Last Saturday evening and Sunday morning I celebrated the Masses and preached at the Cambridge University Catholic Chaplaincy. Fr Alban McCoy, the Chaplain, greeted me very warmly. Fisher House is very evidently a vital Catholic community under his stewardship: there were students everywhere, as well as a good number of senior members of the university. Fr Alban has just overseen a major rebuilding project on the site. There is now a new church, the Church of St John Fisher, within the shell of what was formerly Fisher Hall, which used to be a multi-purpose room in which Mass was celebrated when I was an undergraduate at Selwyn College, thirty years ago. There is a beautiful specially commissioned replica of Cimabue's thirteenth century crucifix in the sanctuary and a new choir loft.

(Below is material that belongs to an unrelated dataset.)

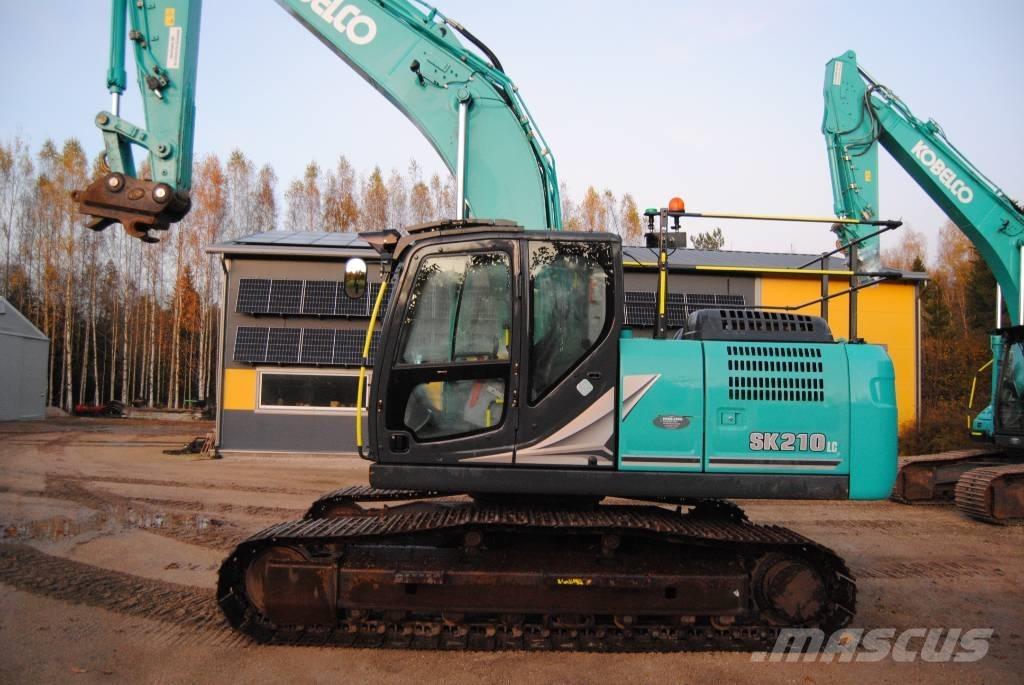 Kobelco SK210LC-11 Excavadoras sobre orugas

The first of the Sunday morning Masses is a sung Latin one. I manfully offered to sing the Preface. After listening to me in the sacristy the student who is the choirmaster suggested that it might be better for everybody if I said it. I had a couple of congenial meals at Fr Alban's kitchen table where I met some of the people who help him and some of the students. I have come away greatly encouraged. Here I am after one of the Masses with Sister Ann Swailes, the Chaplaincy Assistant, and two men from Leeds Diocese, James Lawson, beside me, and Callum Wood, second from the left.

Saturday 2 June 2012

The Grad Ball

I attended the Graduation Ball tonight at the Marriott Hotel in Leeds. All the students had scrubbed up well and looked very elegant. I said grace at the beginning of the meal. One hundred and fifty students were suitably silent as I said an impromptu prayer, thanking God for the three years which had gone and asking for his blessing upon the graduates as they moved on. There was a loud whoop at the end and a round of applause. The Catholic Women's League never used to behave like this when I was in parish ministry. As the evening continued and I tucked into my goats cheese pastry, it being Friday (thanks a lot bishops), I looked round the room feeling rather fatherly and recalled moments I had shared with these smashing young people: a Chaplaincy walk in the Dales when I first conversed with that particular woman; the time when another young woman zipped through the trees on a pulley on a "Go Ape" adventure, screaming joyfully; the time when I joined two students, a young man and a young woman, dancing in the aisle in the Alhambra Theatre at a "Mama Mia" Abba-tribute concert - one of them has just got a teaching job, the other is still looking. It's a hard world out there. I hope everybody is going to be all right. Congratulations to Marcus Myrie, the Students' Union Vice-President, for organising a very good evening. He very kindly gave free tickets to me and Dominica Richmond, the Chaplaincy Administrator. Here I am with three of Leeds Trinity's finest: Max, Chris and Luke.